Let $M$ be a non-compact contractible bounded submanifold of the Euclidean space. Is it possible to find a compact submanifold $S$ of the Euclidean space such that $M$ is a submanifold of $S$?
As a positive example, let $M = \{(x,y) \in \mathbb{R}^2: (x,y) \in S^1, x>0, y>0\}$ be the portion of the 1-sphere $S^1$ lying in the positive orthant of $R^2$, and $S = S^1$.
Edit: the following example is wrong, as pointed out by a counter-example in a comment.
More generally, let $M$ be the image of an embedding $\gamma: (0,1) \to \mathbb{R}^2$ with $\gamma(0) \neq \gamma(1)$, assuming $M$ be bounded. Then, roughly speaking, $S$ can be obtained built joining the endpoints of $M$ by a "well-behaved" smooth curve $\gamma'$ that does not intersect $M$.
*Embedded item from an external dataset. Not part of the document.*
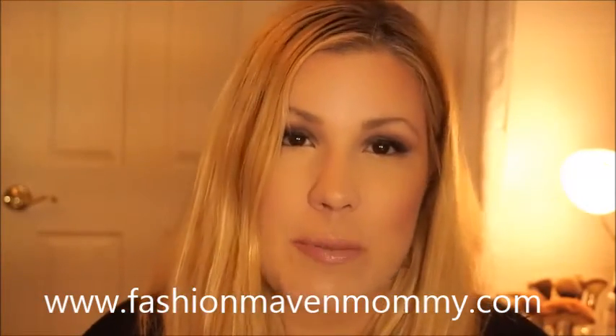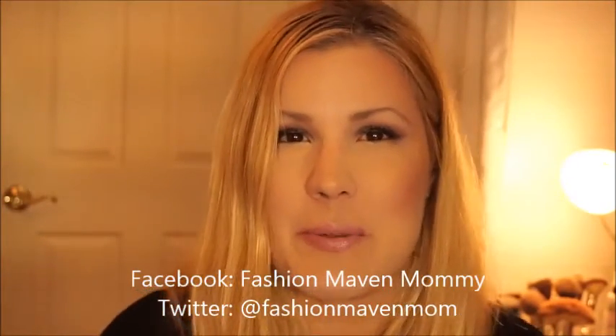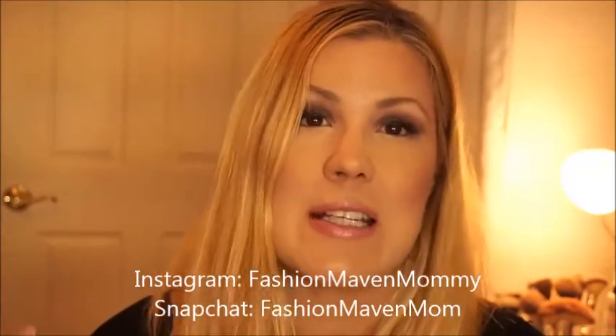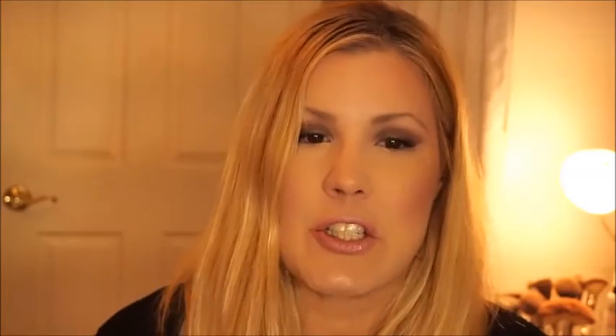I do have a blog — if you're into beauty, it's called Fashion Maven Mommy, go check it out. I'd like to incorporate a little bit more fashion into it hopefully soon. Clothes are definitely starting to be really loose, so that's really nice. I'm all over social media — I'm on Facebook, Twitter, and I'm very active on Instagram. Snapchat is kind of a really fun place to showcase some of the things that happen in my daily life. Sometimes I'll show you what I'm eating there, and I also do a lot of unboxing because as a beauty blogger I get a lot of products sent to me.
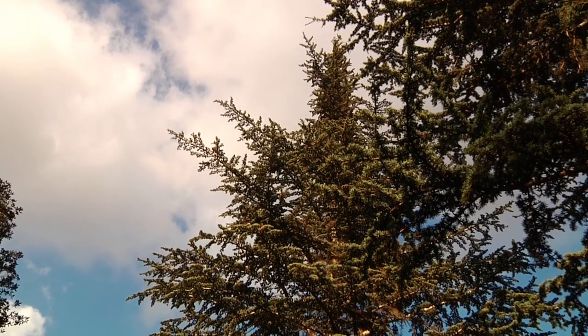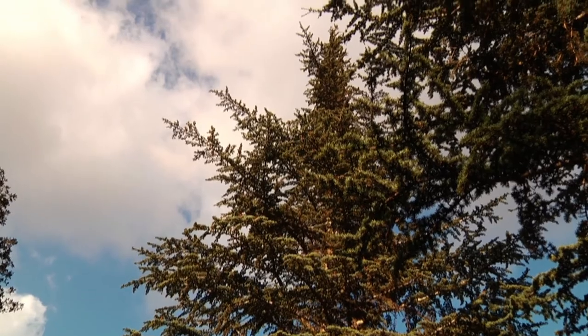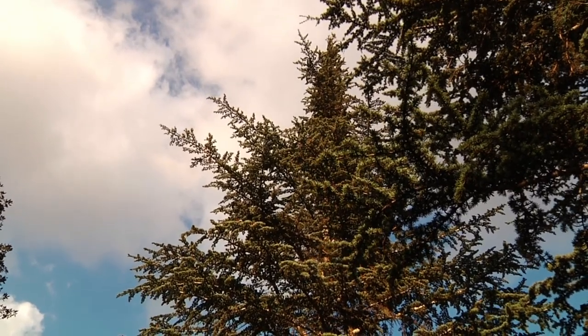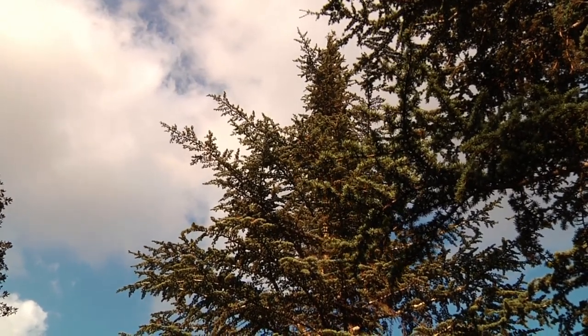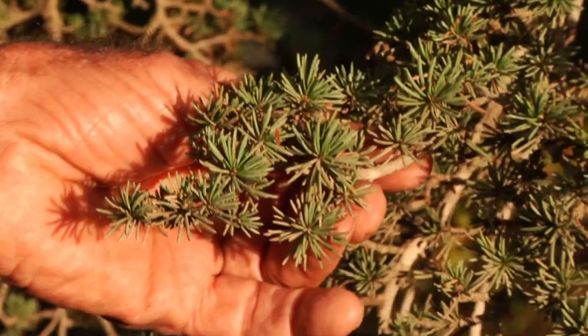Not only for the construction of Solomon's Temple in Jerusalem, but also for the palaces of all the mighty rulers in the Near East. Everywhere they were used in construction. As a result of this, they became rare and on the margin of extinction. Here you can see them directly in front of you.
I posted a similar version of this question on mathoverflow, and I was redirected here.
I think the answer is "no" in general.
Suppose that $M$ is the interior of the Alexander horned sphere. How would you "complete" $M$ to a closed manifold $K$? This completion would need to contain the limit point of the 'arms', but that point would have no disk-like (or half-disk-like) neighborhood in $N$.